Without a doubt, 2015 was the year where concerns and questions about the relationship between the soda industry and academia reached a fever pitch.
There are many interesting tidbits in a recent Mother Jones article titled “Coca-Cola Spends Millions of Dollars Funding Research That — Surprise! — Says Soda Is Just Fine”, which looked at the top academic recipients of Coca-Cola funds (all of whom have taken more than $1.5 million from Coke since 2010).
- “Research on the outcomes of scientific studies has consistently found that industry-funded studies are far more likely to show favorable outcomes for the funder. A 2007 study in the American Journal of Public Health analyzed studies on the relationship between sugary beverage consumption and obesity, and found that industry-funded studies were far more likely to find little or no relationship between the two. “The people who take the money from industries don’t believe they’re biased,” says Kelly Brownell, a co-author of the study and the dean of the Sanford School of Public Policy at Duke University.
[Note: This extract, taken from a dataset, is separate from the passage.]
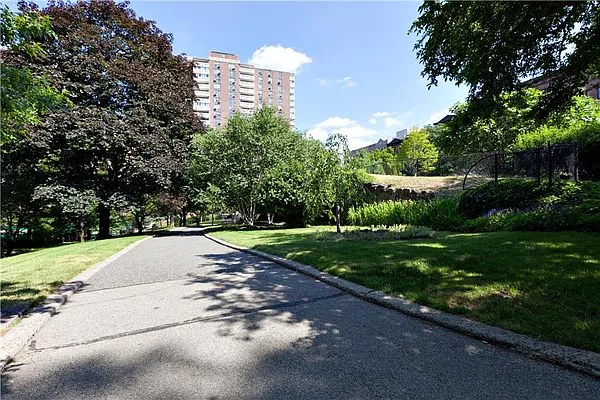 Sold by Douglas Elliman | media 21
But “the research on that is pretty clear.”
- “Independent scientists may have biases of their own, but their overarching research goal is to improve public health,” wrote Marion Nestle, a public health professor at New York University, in a recent Guardian opinion piece. “In contrast, the goal of soda companies is to use research as a marketing tool.”
The top 5 university and college recipients: Louisiana State University, University of South Carolina, Emory University, University of Alabama, and University of Georgia.